On the downside, the bigger, heavier Spey rod leaves the angler with less feel for the fish he’s catching.
The fly line also enters the discussion at Two-Hand Tuesdays.
“A lot of people focus on the rod, but 90 percent of fly fishing is not the rod, it’s the line,” said Art Collins, a Castaway staffer.
New rod materials can deliver a good cast with a wider range of line weights, but they all have their limits.
“I travel with a wallet of different lines to use on a single rod for different applications, whether it’s delicate dry fly presentation or punching into a big wind,” Roope said.
For example, a short weight-forward line casts easily but doesn’t mend well for dry fly fishing on a bigger stream.
Said Blaine, “And I always have at least two rods on a trip rigged for casting dry flies, nymphs or streamers.
“It’s like golf: you can get around a course with a 7-iron, but you’ll do a better job and have more fun with an assortment of clubs.”
The bonus of investing time at a small fly shop or a Two-Hand Tuesday is the personal attention you can get for matching the line with your rod.
At Castaway, Blaine will use the Internet – or even telephone manufacturers – to match factory specs for lines and rods when needed.
When I walked in the shop, Blaine was custom fitting a line for a rod. He used a heat gun and special tubing to weld a seamless loop at the end of the line for a factory-like finish.

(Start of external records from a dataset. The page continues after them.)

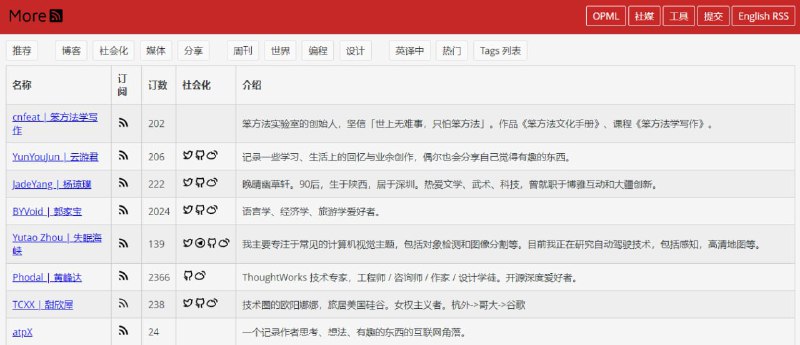 #RSS #URL #RePostMoreRSS一个 RSS 订阅源收集分享站，包括博客、媒体、周刊、社交平台等，内容非常丰富，还提供了一些相关的工具，免费使用，无需注册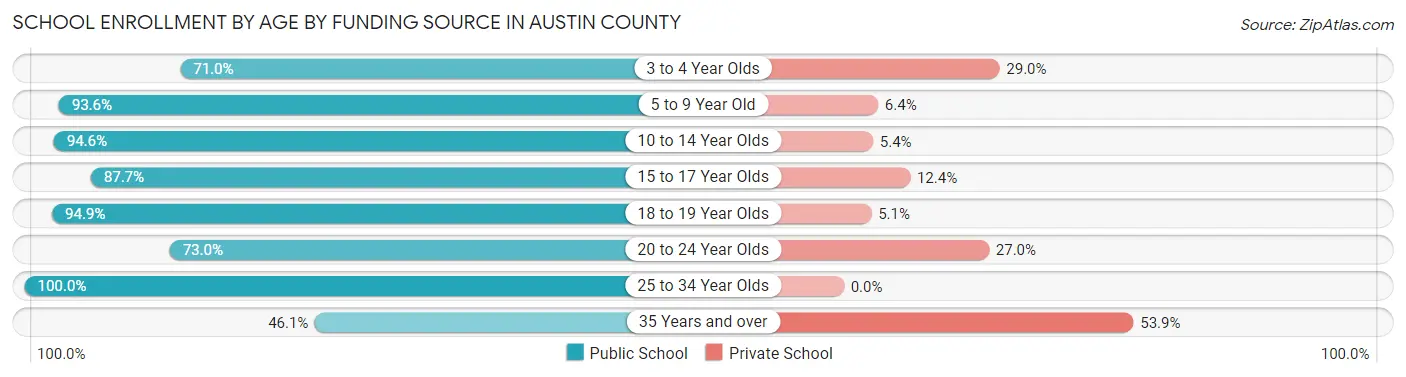 School Enrollment by Age by Funding Source in Austin County
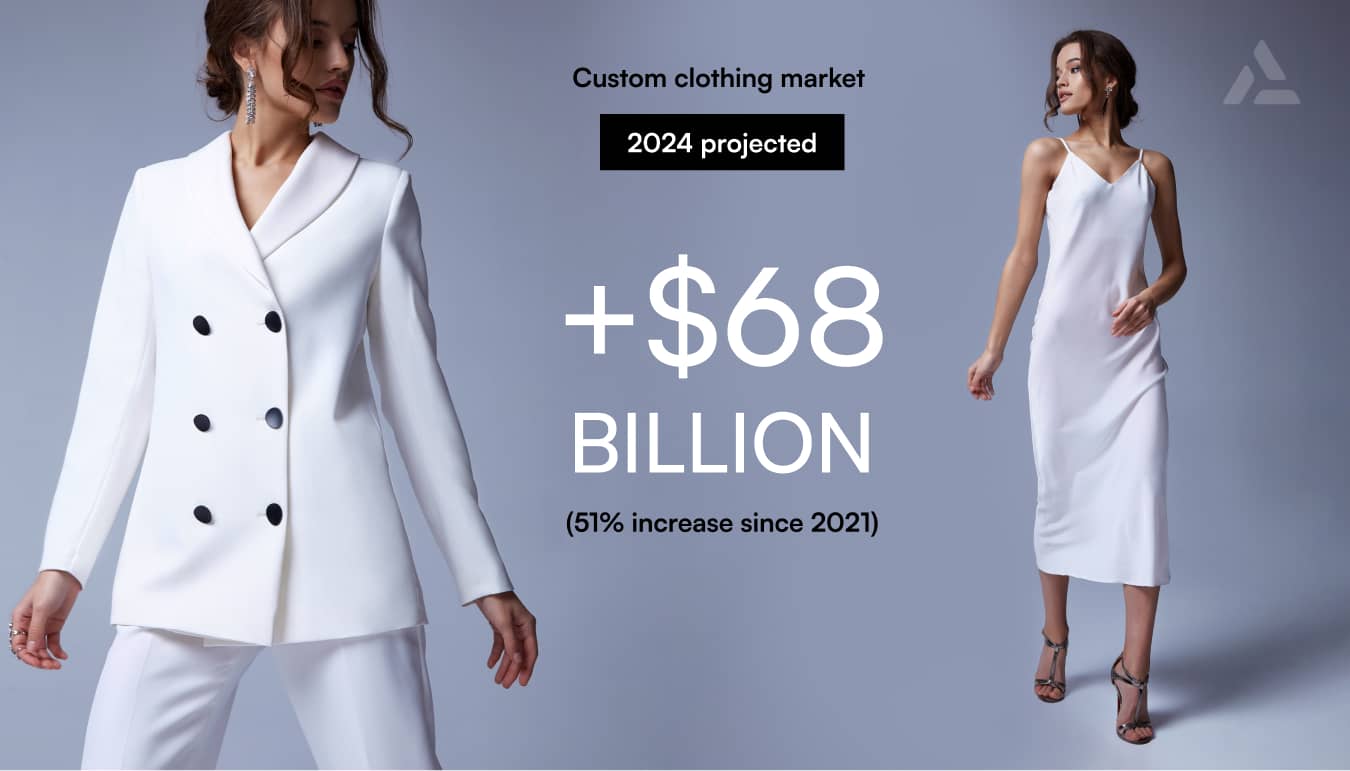Custom clothing market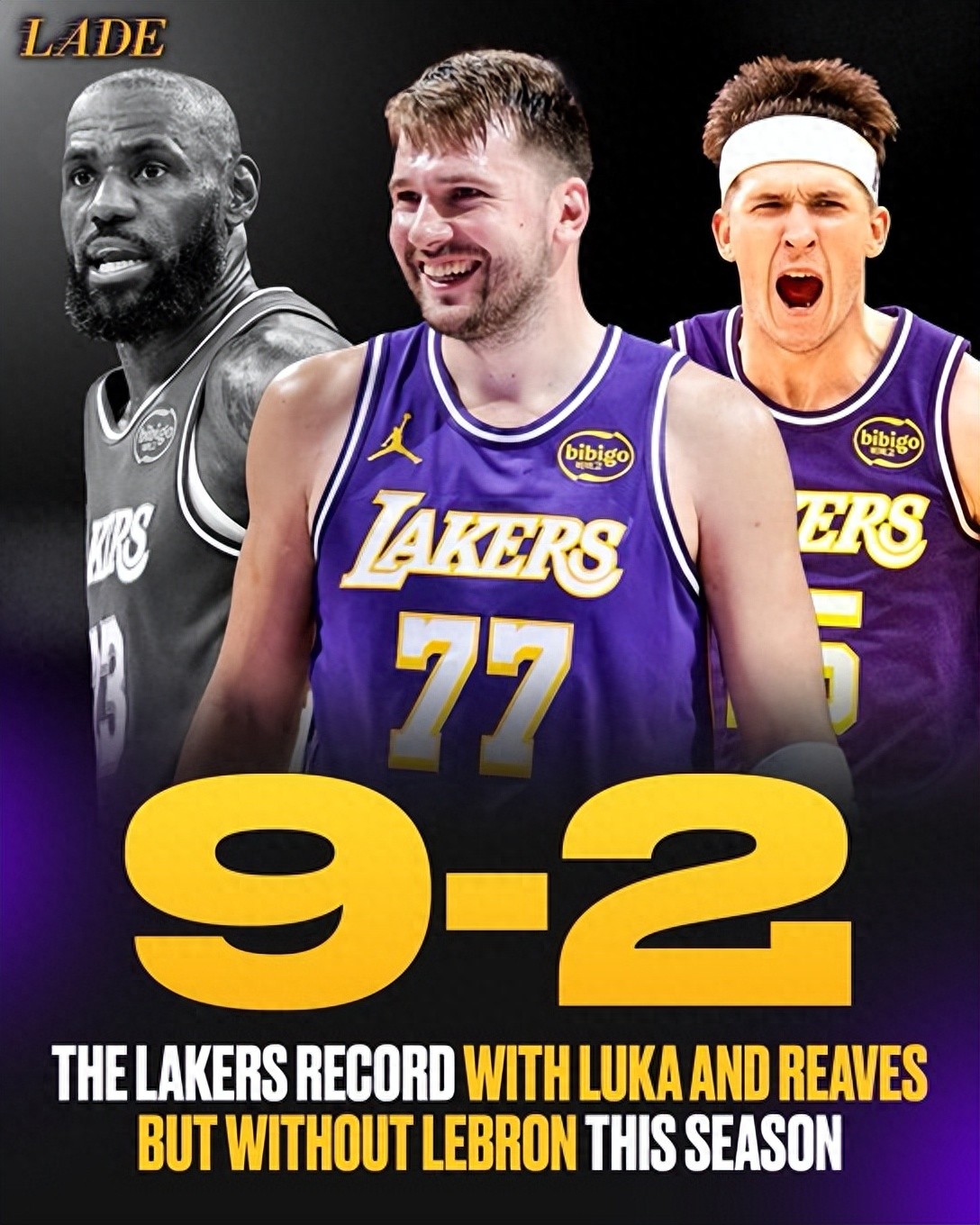 The Lakers have a higher winning rate without James! Doncic + Reaves - James: Purple Gold Army 9 wins and 2 losses.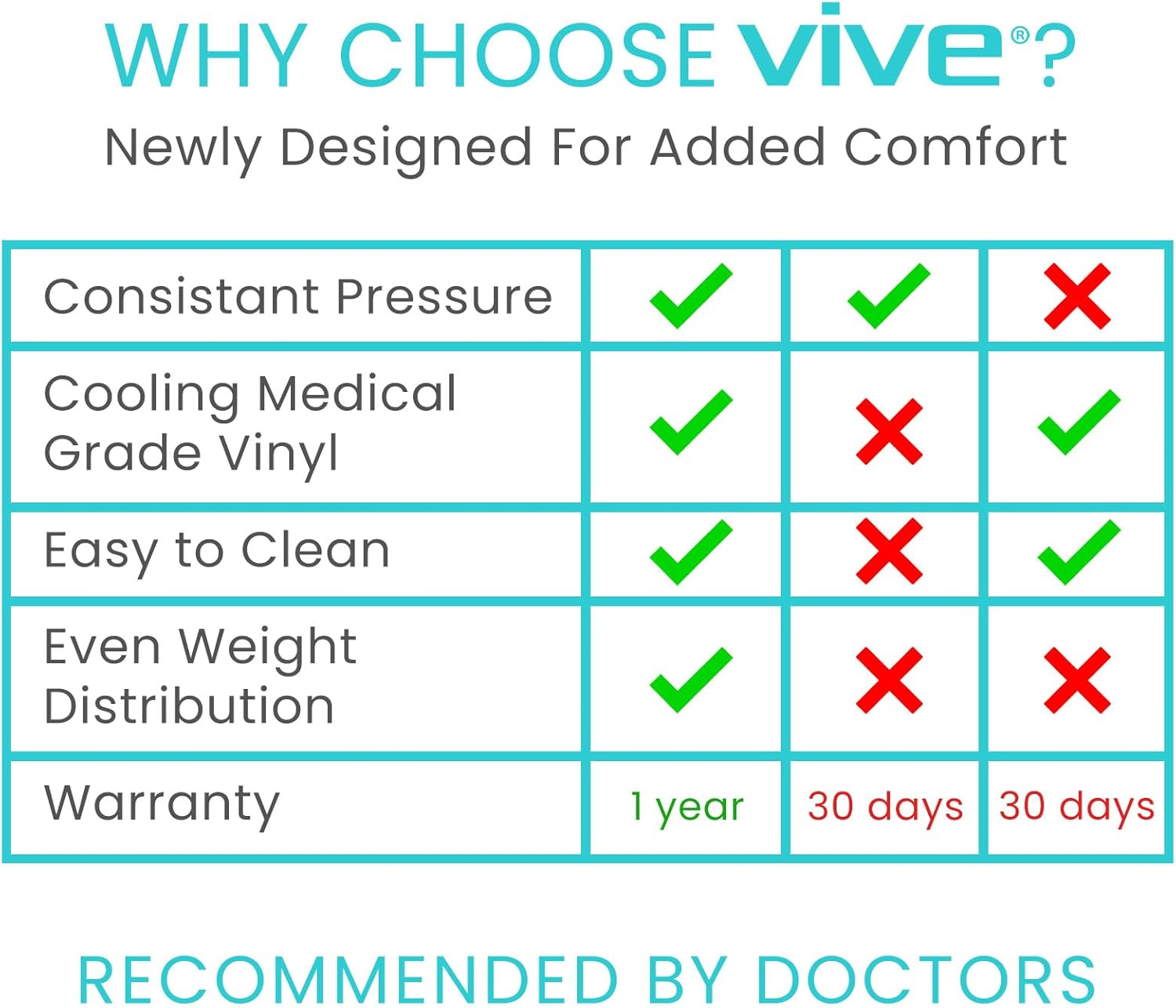 Vive Alternating Air Pressure Mattress Pad Replacement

“We just figured this out,” he said. “This is really sweet.”
An average caster can improve significantly and instantly on the first cast with a newly balanced rod-line setup.
“Don’t handicap yourself from the start by being out of balance,” Roope said.
Beyond that, efficient fly casting is a journey of learning and evolving, the same way a doctor “practices” medicine.
“I’m never going to master fly fishing,” Blaine said. “There’s always something to learn. That’s what I love about it.”